During the planning process, a planner may have many options for refinements to perform on the plan being developed. The planner's efficiency depends on how it chooses which refinement to do next. Recent studies have shown that several versions of the popular “least commitment” plan refinement strategy are often outperformed by a fewest alternatives first (FAF) strategy that chooses to refine the plan element that has the smallest number of alternative refinement options.

In this paper, we examine the FAF strategy in more detail, to try to gain a better understanding of how well it performs and why. We present the following results:

  1. A refinement planner's search space is an AND/OR graph, and the planner “serializes” this graph by mapping it into an equivalent state-space graph. Different plan refinement strategies produce different serializations of the AND/OR graph.

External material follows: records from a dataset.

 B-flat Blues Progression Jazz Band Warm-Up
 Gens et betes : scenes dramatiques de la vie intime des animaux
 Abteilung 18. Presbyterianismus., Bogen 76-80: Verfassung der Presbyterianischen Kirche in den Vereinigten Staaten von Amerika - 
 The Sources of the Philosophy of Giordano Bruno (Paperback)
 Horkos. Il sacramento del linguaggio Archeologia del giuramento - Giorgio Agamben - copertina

  2. The sizes of different serializations of the AND/OR graph can differ by an exponential amount. A planner whose refinement strategy produces a small serialization is likely to be more efficient than a planner whose refinement strategy produces a large serialization.

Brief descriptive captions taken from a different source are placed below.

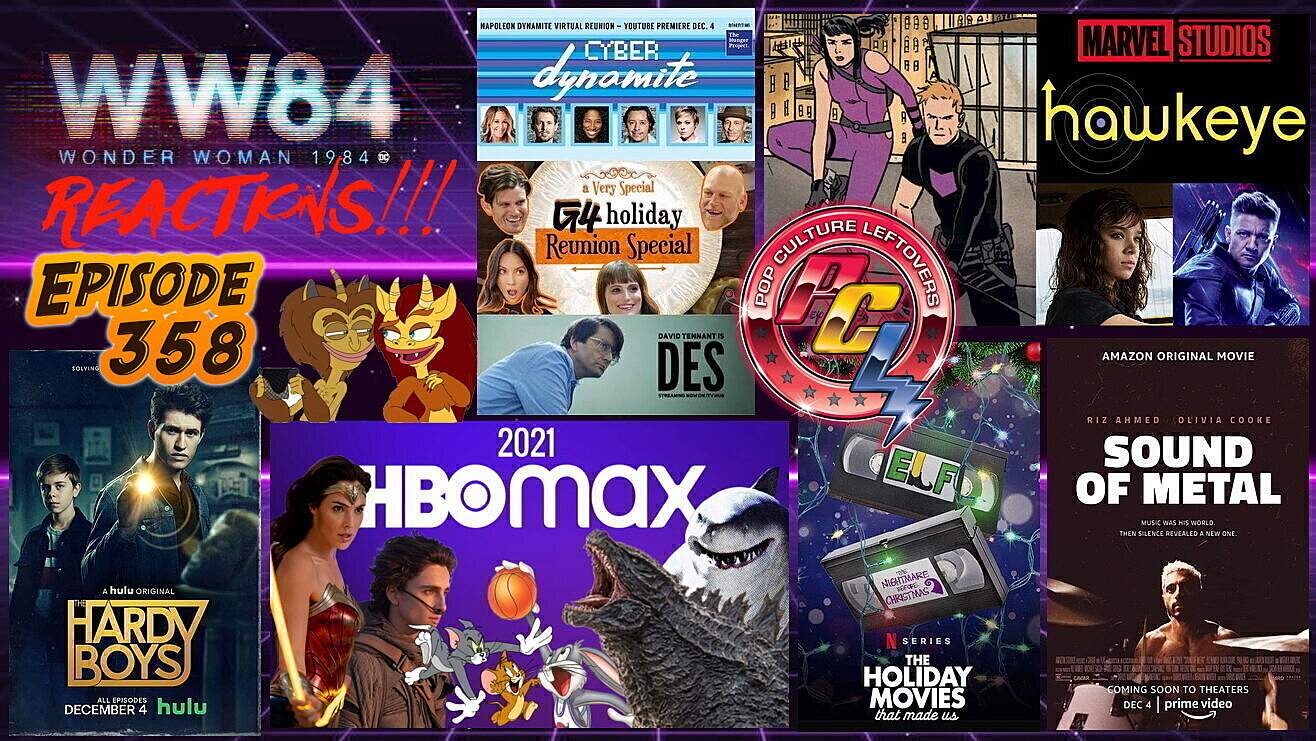 Episode 358: All New WB Movies Coming To HBO Max In 2021, Hawkeye Disney+ Series News, Wonder Woman 1984 Reactions, Sound of Metal, Big Mouth Season 4, Des, The Holiday Movies That Made Us, The Hardy Boys, A Very Special G4 Reunion, Cyber Dynamite
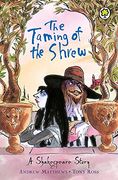 The Taming of the Shrew: Shakespeare Stories for Children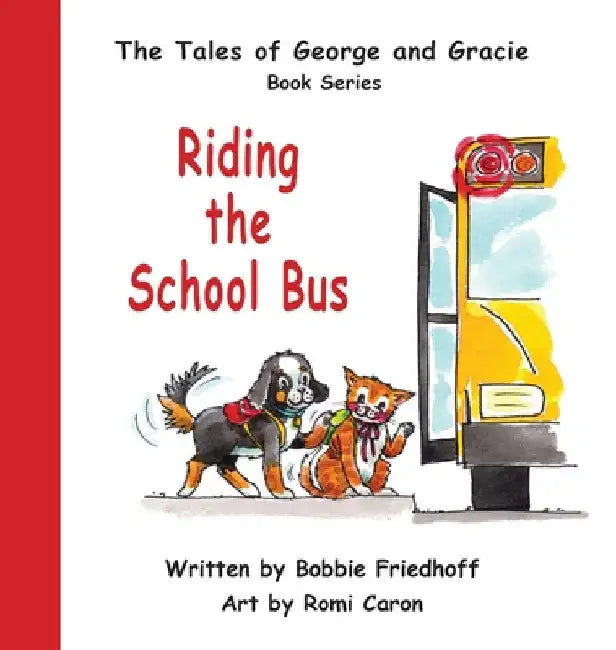 Riding the School Bus by Bobbie Friedhoff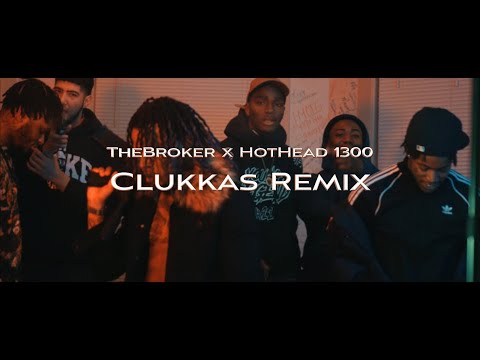 TheBroker X HotHead 1300 - Clukkas [Remix] (Official Video)| Shot By🎥: @youngwill2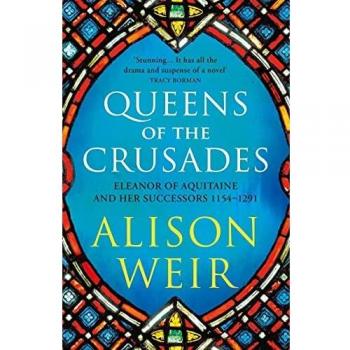 Queens of the Crusades: Eleanor of Aquitaine and her Successors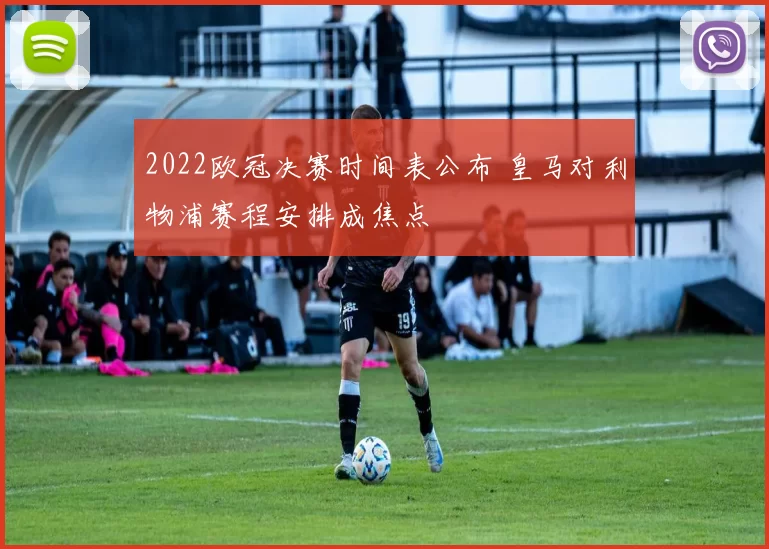 2022欧冠决赛时间表公布 皇马对利物浦赛程安排成焦点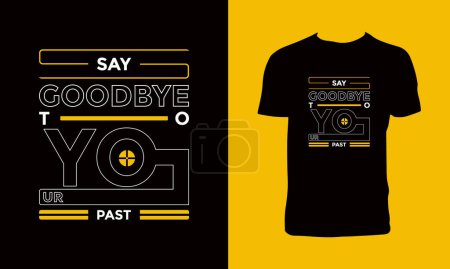 Illustration for Say good bye to your past T Shirt Design. - Royalty Free Image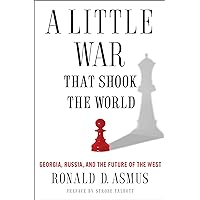 A Little War That Shook the World: Georgia, Russia, and the Future of the West A Little War That Shook the World: Georgia, Russia, and the Future of the West Kindle Hardcover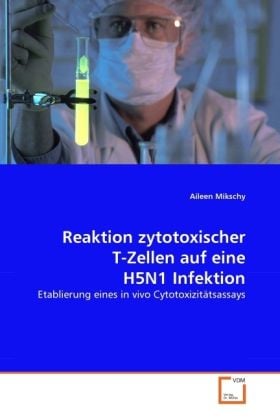 Produktbild: Mikschy, A: Reaktion zytotoxischer T-Zellen auf eine H5N1 In
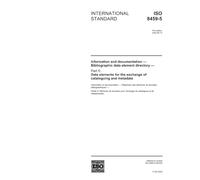ISO 8459-5:2002, Information and documentation - Bibliographic data element directory - Part 5: Data elements for the exchange of cataloguing and metadata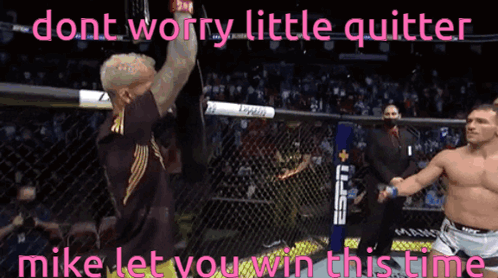 Man in Cage Saying Dont Worry Little Quitter Mike Let You Win This Time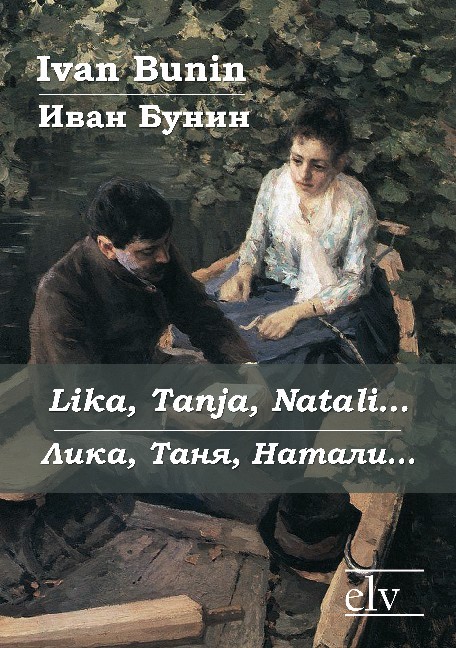 Cover des Titels Lika, Tanja, Natali…/Лика, Таня, Натали… von Bunin Ivan/Бунин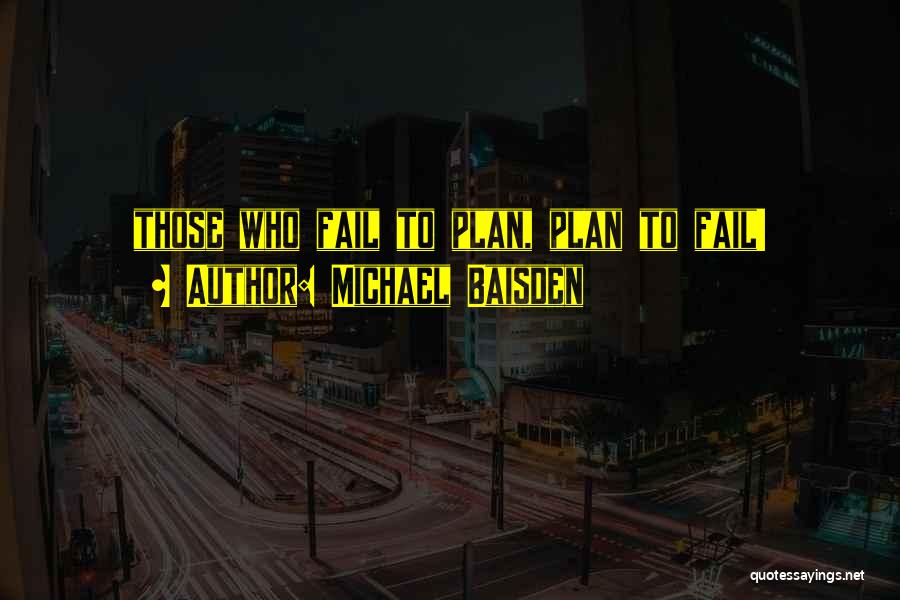 Michael Baisden Quotes: Those Who Fail To Plan, Plan To Fail!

  3. The FAF heuristic can be computed in constant time, and in our experimental studies it usually produced an optimal or near-optimal serialization. This suggests that using FAF (or some similar heuristic) is preferable to trying to guarantee an optimal serialization (which we conjecture is a computationally intractible problem).

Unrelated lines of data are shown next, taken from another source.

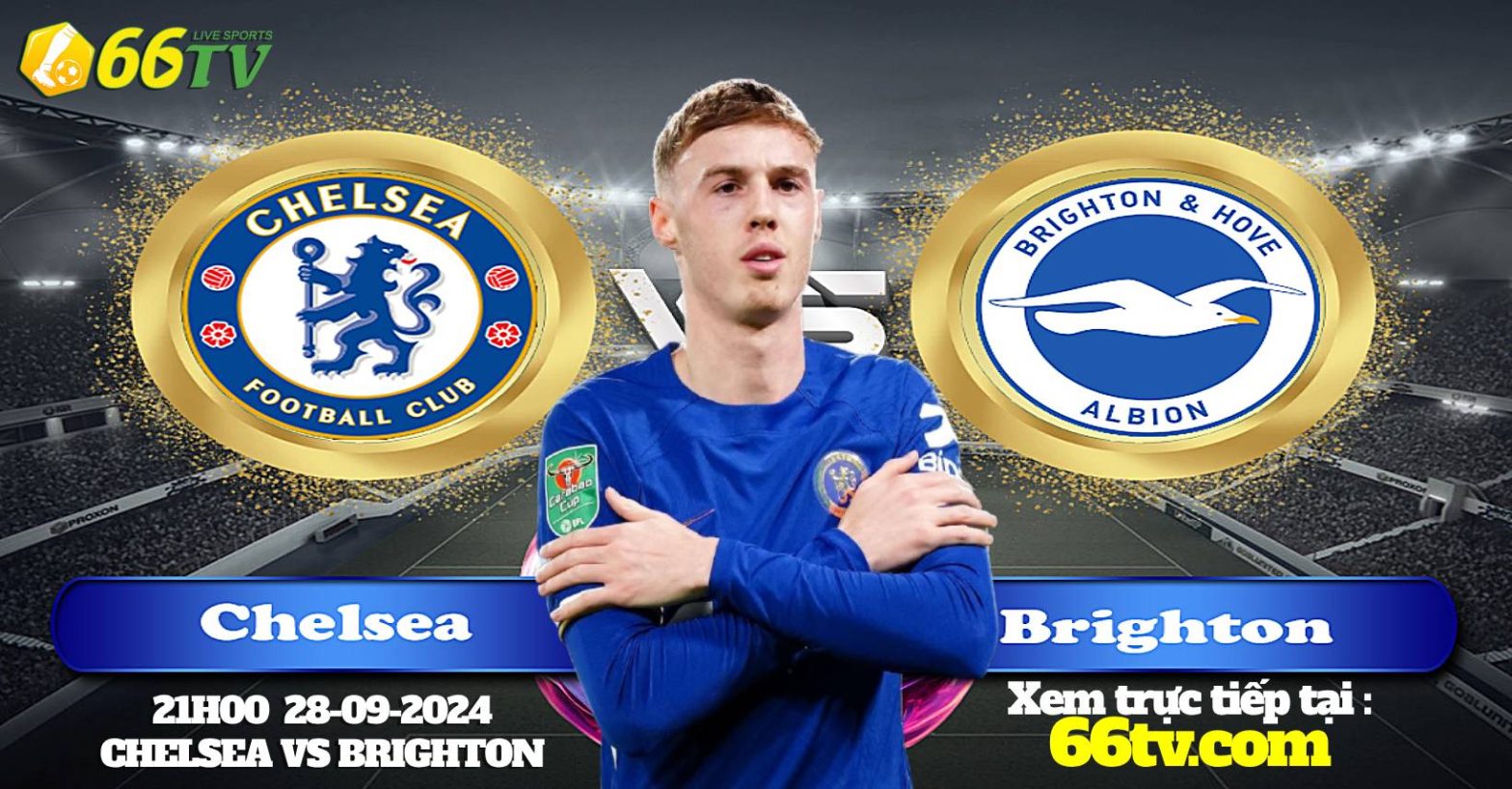 Nhận định Chelsea vs Brighton (21h00 28/9) : Bản Lĩnh trận đấu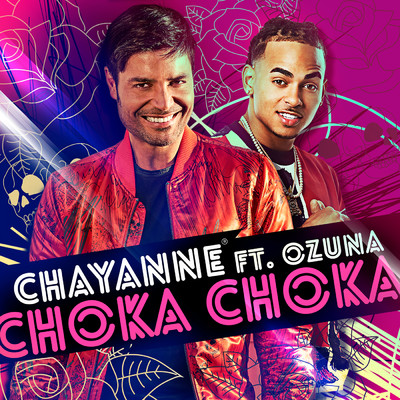Choka Choka feat.Ozuna/Chayanne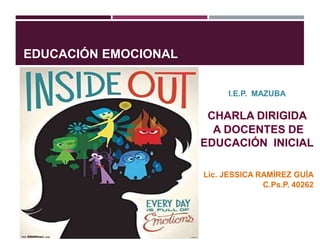 EDUCACIÓN EMOCIONAL
I.E.P. MAZUBA
CHARLA DIRIGIDA
A DOCENTES DE
EDUCACIÓN INICIAL
Lic. JESSICA RAMÍREZ GUÍA
C.Ps.P. 40262
 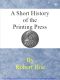 [Gutenberg 63545] • A short history of the printing press and of the improvements in printing machinery from the time of Gutenberg up to the present day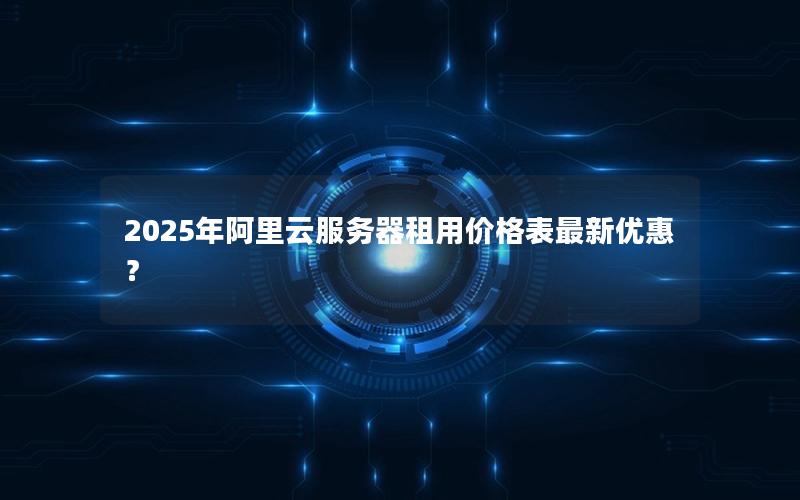 2025年阿里云服务器租用价格表最新优惠？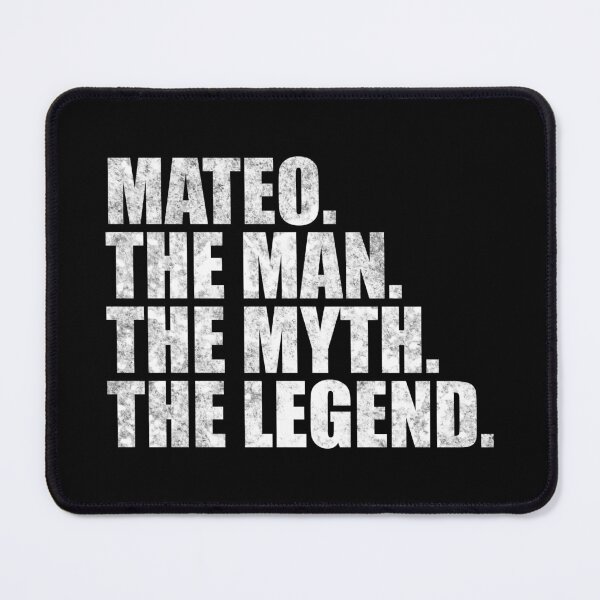 Item preview, Mateo Name Mateo The Man The Myth The legend designed and sold by Teelogic.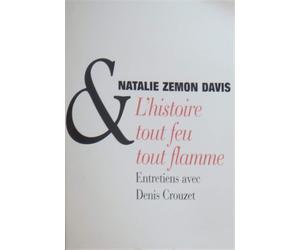 Zemon Davies, Natali - L'histoire tout feu tout flamme. Entratiens avec Denis Cr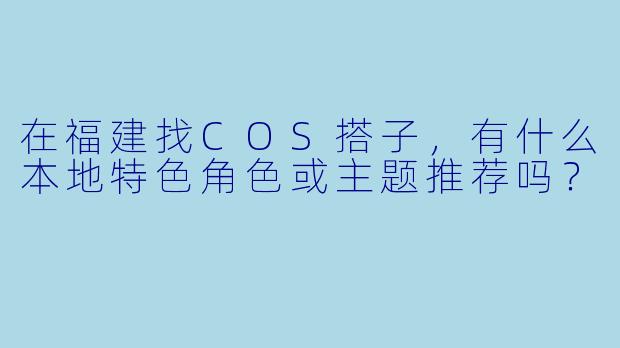 在福建找COS搭子，有什么本地特色角色或主题推荐吗？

This research was supported in part by grants from NSF (IRI-9306580 and EEC 94-02384), ONR (N00014-J-91-1451), AFOSR (F49620-93-1-0065), the ARPA/Rome Laboratory Planning Initiative (F30602-93-C-0039), the ARPA 13 Initiative (N00014-94-10907), the ARL (DAAH049610297), and ARPA contract DABT-95-00037. Any opinions, findings, and conclusions or recommendations expressed in this material are those of the authors and do not necessarily reflect the view of the funders.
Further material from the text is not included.